The Port of Halifax is accustomed to big ships. As noted here recently, the Seawall (Pier 20-22) was designed to accommodate the world's largest passenger liners when it was built in the first decades of the last century. I am sure no one then envisaged the end of the passenger liner era (thanks to jet aircraft) a half century later, nor the advent of the cruise industry. Now however that Seawall welcomes cruise ship of all sizes from moderate to monster, and the Cruise segment is one of the Port's major lines of business.
Today, May 30, the Seawall handled two moderate sized cruise ships with ease. One was the familiar Zaandam, which is in port almost weekly as it conducts seven and ten day cruises from New England to the Maritimes, Quebec and Newfoundland. Built in 2000, it carries 1432 passengers with 615 crew. It tied up at Pier 20.
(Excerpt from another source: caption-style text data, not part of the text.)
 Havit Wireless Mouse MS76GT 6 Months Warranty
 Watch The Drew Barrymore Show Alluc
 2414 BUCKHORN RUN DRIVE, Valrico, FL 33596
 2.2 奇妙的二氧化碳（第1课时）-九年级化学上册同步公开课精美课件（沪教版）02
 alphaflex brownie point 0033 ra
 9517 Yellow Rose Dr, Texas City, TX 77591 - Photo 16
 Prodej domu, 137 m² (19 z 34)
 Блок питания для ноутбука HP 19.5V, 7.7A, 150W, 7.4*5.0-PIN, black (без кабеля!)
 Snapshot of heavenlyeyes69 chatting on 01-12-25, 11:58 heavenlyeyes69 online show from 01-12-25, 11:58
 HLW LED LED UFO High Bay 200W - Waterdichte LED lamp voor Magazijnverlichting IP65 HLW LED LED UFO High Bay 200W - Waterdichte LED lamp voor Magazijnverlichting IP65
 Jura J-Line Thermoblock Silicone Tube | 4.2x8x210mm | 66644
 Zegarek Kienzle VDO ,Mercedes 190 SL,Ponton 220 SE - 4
Arriving at Pier 22 it was Island Princess.
Big ships calling in Halifax are not all passenger ships. Among the biggest are bulk carriers, such as today's arrival Berge Atlas.
It is a 90,197 gt, 180,180 dwt ship built in 2008 by Imabari Zosen in Saijo, Japan. Originally named BW Atlas it was built for the BW Group, the Singapore based successors to the large Norwegian Sigval Bergeson fleet. It was acquired and renamed in 2010 by Berge Bulk Maritime Pte Ltd, also of Singapore. ("Berge" was the first name of founder Sigval Bergeson's father.)
The ship anchored for Canadian Food Inspection Agency LDA moth examination, and once cleared headed for Sept-Iles. QC for another load of 130,000 tonnes of iron ore. The ship was also in Sept-Iles in April, and carried ore to Port Talbot, Wales and Amsterdam. Why it should require another examination is not known, since the moth is native to Asia.